Repeat exactly the lines of the entries below from the one with "Gemstone **RARE** 3.02" through the one with "Spiky 3D Astronaut", both ends included, and nothing else.

-- Data excerpts follows --

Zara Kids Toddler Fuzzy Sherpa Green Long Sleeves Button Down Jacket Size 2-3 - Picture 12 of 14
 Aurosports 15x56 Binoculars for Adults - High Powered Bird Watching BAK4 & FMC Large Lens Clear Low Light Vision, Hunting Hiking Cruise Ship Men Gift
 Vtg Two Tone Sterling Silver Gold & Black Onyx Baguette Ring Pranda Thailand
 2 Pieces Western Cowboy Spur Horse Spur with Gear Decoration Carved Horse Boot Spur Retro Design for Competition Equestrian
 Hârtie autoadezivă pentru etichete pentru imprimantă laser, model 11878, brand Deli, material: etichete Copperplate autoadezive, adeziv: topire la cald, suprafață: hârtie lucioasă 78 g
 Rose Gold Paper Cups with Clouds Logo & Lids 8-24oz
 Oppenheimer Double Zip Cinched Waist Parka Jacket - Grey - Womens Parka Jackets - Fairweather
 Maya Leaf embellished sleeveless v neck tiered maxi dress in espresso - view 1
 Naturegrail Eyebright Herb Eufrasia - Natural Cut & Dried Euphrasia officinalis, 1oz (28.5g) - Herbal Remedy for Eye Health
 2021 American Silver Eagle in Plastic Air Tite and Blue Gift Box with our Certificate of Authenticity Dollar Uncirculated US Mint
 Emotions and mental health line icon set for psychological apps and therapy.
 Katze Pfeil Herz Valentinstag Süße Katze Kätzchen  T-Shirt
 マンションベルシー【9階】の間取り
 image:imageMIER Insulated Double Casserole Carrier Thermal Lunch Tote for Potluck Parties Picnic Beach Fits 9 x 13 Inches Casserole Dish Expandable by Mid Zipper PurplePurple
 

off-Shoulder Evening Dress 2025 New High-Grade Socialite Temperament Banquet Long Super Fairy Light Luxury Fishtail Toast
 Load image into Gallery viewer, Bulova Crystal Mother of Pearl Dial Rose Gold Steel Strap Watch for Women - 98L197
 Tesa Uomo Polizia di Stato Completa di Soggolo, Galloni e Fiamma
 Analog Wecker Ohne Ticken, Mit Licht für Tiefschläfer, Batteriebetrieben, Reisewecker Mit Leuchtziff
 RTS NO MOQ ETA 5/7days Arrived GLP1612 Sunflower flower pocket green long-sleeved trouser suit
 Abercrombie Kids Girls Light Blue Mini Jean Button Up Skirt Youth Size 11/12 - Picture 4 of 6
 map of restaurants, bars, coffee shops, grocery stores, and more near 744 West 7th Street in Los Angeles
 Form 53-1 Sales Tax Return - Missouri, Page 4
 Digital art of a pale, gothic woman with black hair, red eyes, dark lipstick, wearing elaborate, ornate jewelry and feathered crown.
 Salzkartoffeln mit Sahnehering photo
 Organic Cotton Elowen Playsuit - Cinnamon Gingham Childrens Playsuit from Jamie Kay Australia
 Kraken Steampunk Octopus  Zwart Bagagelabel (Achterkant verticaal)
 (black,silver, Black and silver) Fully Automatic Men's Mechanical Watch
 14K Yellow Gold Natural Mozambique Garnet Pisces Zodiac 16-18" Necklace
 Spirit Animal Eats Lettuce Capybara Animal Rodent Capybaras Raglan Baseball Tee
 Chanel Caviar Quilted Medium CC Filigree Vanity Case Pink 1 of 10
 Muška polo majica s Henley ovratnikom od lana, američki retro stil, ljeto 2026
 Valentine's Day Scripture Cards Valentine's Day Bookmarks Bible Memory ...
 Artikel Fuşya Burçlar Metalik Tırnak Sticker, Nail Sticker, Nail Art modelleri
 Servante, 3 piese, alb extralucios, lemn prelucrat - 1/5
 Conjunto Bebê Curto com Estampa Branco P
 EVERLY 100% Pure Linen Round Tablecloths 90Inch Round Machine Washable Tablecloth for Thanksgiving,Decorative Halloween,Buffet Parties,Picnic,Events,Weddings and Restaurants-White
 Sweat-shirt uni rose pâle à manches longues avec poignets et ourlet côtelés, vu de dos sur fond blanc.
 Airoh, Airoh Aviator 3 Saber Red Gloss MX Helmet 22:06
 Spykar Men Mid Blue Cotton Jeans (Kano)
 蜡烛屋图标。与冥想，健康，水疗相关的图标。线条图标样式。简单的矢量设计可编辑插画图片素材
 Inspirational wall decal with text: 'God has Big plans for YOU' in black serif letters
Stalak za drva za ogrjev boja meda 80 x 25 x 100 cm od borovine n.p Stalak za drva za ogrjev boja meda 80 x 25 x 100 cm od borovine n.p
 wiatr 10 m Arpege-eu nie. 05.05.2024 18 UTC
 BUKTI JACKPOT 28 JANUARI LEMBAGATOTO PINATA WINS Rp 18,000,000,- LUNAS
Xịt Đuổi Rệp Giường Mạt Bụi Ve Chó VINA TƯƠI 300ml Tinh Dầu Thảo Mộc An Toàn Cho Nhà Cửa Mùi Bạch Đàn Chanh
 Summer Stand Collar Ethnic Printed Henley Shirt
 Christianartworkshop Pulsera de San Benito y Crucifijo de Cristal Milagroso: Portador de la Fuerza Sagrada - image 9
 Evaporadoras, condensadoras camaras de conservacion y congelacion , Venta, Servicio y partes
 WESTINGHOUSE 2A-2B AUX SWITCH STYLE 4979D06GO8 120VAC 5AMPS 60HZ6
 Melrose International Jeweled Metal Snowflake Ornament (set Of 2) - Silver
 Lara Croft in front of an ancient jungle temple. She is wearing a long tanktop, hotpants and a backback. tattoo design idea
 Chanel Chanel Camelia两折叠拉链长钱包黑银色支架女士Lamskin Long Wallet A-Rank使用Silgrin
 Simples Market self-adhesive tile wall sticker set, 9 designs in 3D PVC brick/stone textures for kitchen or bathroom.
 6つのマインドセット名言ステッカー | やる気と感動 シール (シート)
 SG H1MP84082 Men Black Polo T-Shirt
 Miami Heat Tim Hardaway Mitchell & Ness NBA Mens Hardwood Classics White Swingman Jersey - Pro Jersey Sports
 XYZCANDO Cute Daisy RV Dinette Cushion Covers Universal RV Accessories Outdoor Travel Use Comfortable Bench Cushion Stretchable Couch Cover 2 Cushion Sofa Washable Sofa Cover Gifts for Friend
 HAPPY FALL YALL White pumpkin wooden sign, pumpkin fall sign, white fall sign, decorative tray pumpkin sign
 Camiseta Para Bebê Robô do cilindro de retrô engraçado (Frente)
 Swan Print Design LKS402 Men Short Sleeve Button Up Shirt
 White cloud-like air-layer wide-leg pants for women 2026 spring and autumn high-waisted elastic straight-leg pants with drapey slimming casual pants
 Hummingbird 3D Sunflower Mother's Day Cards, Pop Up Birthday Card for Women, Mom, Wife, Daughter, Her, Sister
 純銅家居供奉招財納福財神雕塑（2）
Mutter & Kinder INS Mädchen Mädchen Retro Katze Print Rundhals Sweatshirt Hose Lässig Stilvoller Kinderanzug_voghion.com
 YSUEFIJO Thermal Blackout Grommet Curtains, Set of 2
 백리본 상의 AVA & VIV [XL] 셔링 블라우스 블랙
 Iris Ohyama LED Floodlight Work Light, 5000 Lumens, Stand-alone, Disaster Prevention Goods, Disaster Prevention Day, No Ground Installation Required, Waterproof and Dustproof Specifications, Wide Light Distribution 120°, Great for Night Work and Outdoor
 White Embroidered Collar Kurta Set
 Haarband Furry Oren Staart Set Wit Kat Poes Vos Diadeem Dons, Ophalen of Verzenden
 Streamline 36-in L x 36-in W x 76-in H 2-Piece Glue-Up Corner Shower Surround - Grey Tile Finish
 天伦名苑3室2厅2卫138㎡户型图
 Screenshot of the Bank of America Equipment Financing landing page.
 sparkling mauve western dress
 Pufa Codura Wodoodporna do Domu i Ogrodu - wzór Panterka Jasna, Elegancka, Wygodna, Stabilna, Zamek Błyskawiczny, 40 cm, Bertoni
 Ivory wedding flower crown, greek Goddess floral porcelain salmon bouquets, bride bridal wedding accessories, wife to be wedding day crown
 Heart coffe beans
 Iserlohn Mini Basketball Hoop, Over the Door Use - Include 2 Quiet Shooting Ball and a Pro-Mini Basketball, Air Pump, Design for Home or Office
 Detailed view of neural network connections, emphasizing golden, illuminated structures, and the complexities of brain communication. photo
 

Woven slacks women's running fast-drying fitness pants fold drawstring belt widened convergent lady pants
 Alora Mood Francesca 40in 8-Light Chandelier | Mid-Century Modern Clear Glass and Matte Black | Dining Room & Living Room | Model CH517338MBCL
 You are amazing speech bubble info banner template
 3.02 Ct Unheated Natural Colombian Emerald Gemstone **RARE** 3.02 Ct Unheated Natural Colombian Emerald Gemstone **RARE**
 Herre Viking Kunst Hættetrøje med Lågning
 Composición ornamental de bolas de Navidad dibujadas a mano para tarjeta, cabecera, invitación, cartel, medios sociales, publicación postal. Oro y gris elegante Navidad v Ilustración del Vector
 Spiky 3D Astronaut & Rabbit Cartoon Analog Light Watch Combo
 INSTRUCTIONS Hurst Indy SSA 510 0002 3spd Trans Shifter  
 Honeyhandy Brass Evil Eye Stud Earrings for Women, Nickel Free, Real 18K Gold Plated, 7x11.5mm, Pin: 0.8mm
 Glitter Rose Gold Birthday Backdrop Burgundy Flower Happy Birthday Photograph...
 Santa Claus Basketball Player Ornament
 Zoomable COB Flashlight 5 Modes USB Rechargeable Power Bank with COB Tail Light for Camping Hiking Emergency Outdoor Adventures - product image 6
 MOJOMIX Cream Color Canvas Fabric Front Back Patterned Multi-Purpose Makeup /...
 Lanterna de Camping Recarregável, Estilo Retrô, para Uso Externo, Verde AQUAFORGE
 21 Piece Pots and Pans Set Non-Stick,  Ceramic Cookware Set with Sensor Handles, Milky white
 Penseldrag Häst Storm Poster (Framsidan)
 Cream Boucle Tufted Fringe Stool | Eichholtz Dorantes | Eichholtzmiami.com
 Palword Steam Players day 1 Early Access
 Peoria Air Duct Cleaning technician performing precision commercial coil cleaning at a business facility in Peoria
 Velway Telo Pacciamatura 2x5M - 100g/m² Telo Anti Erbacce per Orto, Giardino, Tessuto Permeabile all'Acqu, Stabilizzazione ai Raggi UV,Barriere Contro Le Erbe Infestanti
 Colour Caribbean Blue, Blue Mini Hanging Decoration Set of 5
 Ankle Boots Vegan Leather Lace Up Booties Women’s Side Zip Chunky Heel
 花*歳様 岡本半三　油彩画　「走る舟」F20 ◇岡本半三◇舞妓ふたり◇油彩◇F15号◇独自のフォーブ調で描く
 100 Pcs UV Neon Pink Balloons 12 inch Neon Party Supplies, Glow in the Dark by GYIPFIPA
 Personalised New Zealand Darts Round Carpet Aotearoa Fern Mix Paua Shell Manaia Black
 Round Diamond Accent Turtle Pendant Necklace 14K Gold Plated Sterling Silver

-- Data excerpts concluded --

* **Solution to the problem**
 3.02 Ct Unheated Natural Colombian Emerald Gemstone **RARE** 3.02 Ct Unheated Natural Colombian Emerald Gemstone **RARE**
 Herre Viking Kunst Hættetrøje med Lågning
 Composición ornamental de bolas de Navidad dibujadas a mano para tarjeta, cabecera, invitación, cartel, medios sociales, publicación postal. Oro y gris elegante Navidad v Ilustración del Vector
 Spiky 3D Astronaut & Rabbit Cartoon Analog Light Watch Combo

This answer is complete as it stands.